Take, for example, a fillet of John Dory. The fish is delicately poached and served à la nage-style, in a shallow bowl filled with a buttery broth that conveys undertones of Malabar black pepper and citrus, along with a smattering of large white beans and a few plump mussels removed from their shells. This alone is an exquisite dish. Most chefs would stop there, satisfied that they had created a masterpiece. But not Gagnaire. On the side, he offers an extra condiment: a mostarda (or marmalade) made from red bell peppers, spicy French chillies and sweet-sour grapefruit. Added to the John Dory, the elegant dish takes on a much wilder profile, one of far greater risk and tenacity. Some guests adamantly dislike the condiment and choose not to eat it. But others are amused by the jarring contrast. And that’s the point: to encourage a discussion, an interaction, a dialogue that goes beyond simply eating a piece of fish.

Similarly, when a loin of venison is presented, it arrives with an instruction and a warning. The dish comprises several components, one of which is a frozen ice cream made from venison jus and black pepper. ‘You might like to spoon the cold ice cream on top of the warm meat,’ says the waiter. ‘Or, you might find that you don’t like the contrast of temperatures. You might prefer to eat the ice cream separately, or not at all.’ The chef is essentially giving his diners permission to not like what he’s created.
This is precisely what happens at my table. We’re split fifty-fifty on the venison jus ice cream – half of us love it, half of us are left scratching our heads – which amuses our waiter immensely.
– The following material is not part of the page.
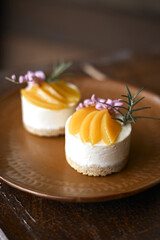Peach cheesecake
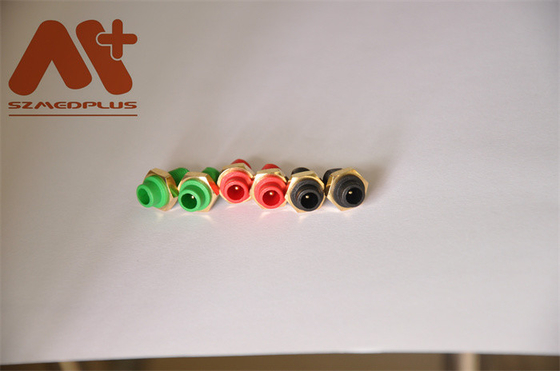 ซ็อกเก็ต ECG กลมกลม 1.5 มม. ที่เข้ากันได้ Spo2 สีแดงสีเขียวสีดำ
But we can all agree on one thing: the venison, and the blackcurrant jam served underneath it, are sublime, with or without the ice cream.

We’re only halfway into this debate when we’re suddenly ambushed by the arrival of the grand finale of desserts (about 10 dishes per guest, possibly more), which suddenly begins to fill up the table: a bavaroise (think of a fluffy little cheesecake) with sturdy droplets of quince gelée and chartreuse syrup; a deconstructed lemon meringue tart re-envisioned as a citrus sorbet topped with a butter cookie and meringue; a refreshing cachaça granita with cucumber marmalade, green apple and the odd leaf of arugula; a chocolate ganache with crystallised ginger and chocolate ice cream… And the meal suddenly ends as dramatically as it began.